──────── DATA SEGMENT
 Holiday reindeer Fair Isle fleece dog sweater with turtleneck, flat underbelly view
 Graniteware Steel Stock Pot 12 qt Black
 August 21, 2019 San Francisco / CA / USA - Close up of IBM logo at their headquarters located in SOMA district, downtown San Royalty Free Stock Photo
────────────────
■ PROBLEM DETAILS: Reproduce the data shown above in its entirety, keeping each word as it is.

■ EXERCISE ANSWER:
 Holiday reindeer Fair Isle fleece dog sweater with turtleneck, flat underbelly view
 Graniteware Steel Stock Pot 12 qt Black
 August 21, 2019 San Francisco / CA / USA - Close up of IBM logo at their headquarters located in SOMA district, downtown San Royalty Free Stock Photo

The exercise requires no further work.